国内再発盤ではなく、USオリジナル盤だとなんと18,000円前後が相場だった。20年ほど前の話。でも、このゴールドのゴージャスなドレスと蓮っ葉なミュールと太ももの魅力には抗えない。
しかもモデルは歌っているご本人。買えない身なのでマリー・マクドナルドについて一生懸命、調べた。彼女はその肢体の魅力から「ボディ」というあだ名が付けられ、雑誌のグラビアを飾ったことも。このレコードのタイトルが「ボディが歌う」となっているのもそのあだ名からきていること。
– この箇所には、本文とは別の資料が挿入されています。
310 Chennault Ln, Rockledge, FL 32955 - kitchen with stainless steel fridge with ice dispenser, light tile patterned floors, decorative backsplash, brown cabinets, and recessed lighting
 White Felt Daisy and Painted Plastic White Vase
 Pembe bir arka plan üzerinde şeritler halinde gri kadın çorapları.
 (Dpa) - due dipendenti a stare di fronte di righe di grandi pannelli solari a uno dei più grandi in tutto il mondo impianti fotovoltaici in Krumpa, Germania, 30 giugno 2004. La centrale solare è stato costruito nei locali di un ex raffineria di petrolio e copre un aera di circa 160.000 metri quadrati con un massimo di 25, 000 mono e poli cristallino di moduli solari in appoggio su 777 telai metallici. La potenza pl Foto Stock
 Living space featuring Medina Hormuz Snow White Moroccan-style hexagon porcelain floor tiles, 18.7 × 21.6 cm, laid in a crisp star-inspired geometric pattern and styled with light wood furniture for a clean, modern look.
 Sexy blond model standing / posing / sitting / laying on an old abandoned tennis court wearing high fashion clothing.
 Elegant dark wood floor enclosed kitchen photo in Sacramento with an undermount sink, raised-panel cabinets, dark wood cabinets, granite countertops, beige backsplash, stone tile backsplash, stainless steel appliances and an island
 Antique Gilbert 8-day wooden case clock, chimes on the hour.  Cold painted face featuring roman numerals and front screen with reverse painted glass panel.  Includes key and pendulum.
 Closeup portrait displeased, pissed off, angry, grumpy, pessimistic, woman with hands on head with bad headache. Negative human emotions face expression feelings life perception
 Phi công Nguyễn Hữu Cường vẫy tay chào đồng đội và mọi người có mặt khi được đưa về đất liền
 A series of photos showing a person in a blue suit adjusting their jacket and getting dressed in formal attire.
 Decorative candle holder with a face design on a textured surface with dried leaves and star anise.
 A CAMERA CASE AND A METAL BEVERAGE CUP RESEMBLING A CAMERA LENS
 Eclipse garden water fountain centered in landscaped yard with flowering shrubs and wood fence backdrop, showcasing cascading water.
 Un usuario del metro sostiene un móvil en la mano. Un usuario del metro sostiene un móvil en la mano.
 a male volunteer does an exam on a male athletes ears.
等々、調べるといやがうえでも欲しくなる。もう、これは性的な渇望に近い。そして相場よりはずっと安い……といっても1万円は超えるお金を払ってこれを入手した。
いや、一晩中、ジャケを眺めて感動してました。おまけにマリーの歌はかなり良い。こういう完璧なレコードがあるものだと思った次第。
ちなみにジャズ・レコード・コレクターには数万のお金を一枚のレコードに当たり前のように注ぎ込む人がいるが、たかがビニールの板にそんなに支払うのがどうにも理解できないので、筆者が購入した全レコードの最高価格がこのレコードだ。
マリーさんのレコードは長く壁に飾った。レコードをいちいち出して聴くのが怖く、デジタル化してCD-ROMに焼いて聴いた。ああ、レコードに恋するとはこういうものなのだ!
ちなみにマリーさんの顔やこの笑顔はまったく好みではない。もっぱらこの衣裳、このポーズ、この太もも、そして質の高いヴォーカルに魅了されたということ。
付け加えておくと太ももが見えれば良いというものでもない。ロングのドレスの裾がたくし上げられ、あるいはスリットから立ち現れる太ももだけが特別に良いのだ。隠されていなければならない、あるいは着ている本人が最終的な武器としているような太もも、それこそが魅力で、それは着衣という前提があってこそのものだろう。
マリー・マクドナルドで思わず熱気を帯びてしまったが、女のフェティッシュな武器はドレスにとどまらない。ゴードン・ジェンキンズの「Monte Proser's Tropicana Holiday」は楽屋の踊り子たちのスナップ写真ジャケ。カメラのアングルも踊り子の仕草も良いし、この手の楽屋ものジャケのなかでは最高に洗練された一枚だ。
そして彼女たちはゴールドのドレスだけでなく、白のグローブ(長手袋)をしている。
手袋フェチでもあるので、長手袋はなぜエロティックな作用をもたらすかについては拙著『パスト・フューチュラマ~二〇世紀モダーン・エイジの欲望とかたち』で、詳細に分析したので、同好の士はそちらをどうぞ。
身体をぴったりと包んだドレスに露わな肩や胸元、そこに加わる長手袋。ようするに露出しながら隠蔽もしていく、これがエロティシズムの高等技法なのだ。
ともあれ、このジャケでは黒髪をメインに、隣に金髪モデルを配し、鏡の後方には数人の踊り子と、楽屋の熱気がよく伝わってくる。女たちのむせかえるよう匂いも。ああ、肉食系とはこういう世界のことなのだ!
と、今回はあまり脈絡なくドレスのことを書いてきたが、おそらく着衣に興味ない人になにを面白がって、妄想したり欲情したりしているのか、理解しづらかったかもしれない。
着衣好きはみな、裸になる前の「じらし」としての着衣が好きなのではないだろうか? 最後はやっぱり脱いだ姿も見たいのだ。となると”ボールド”ビル・ヘーガンの「MUSIC TO STRIP」に行き着く。
ドレスを脱いでジャケのフレームから退場するストリッパー。いや、裸の彼女はどうでもいいか……床に残されたドレスのほうに執着を持って、そこに存在しない理想の女を妄想するのが着衣派だ。
さあ、このドレスを持って帰ろう。フェティシズムとは、まさに業病なのである。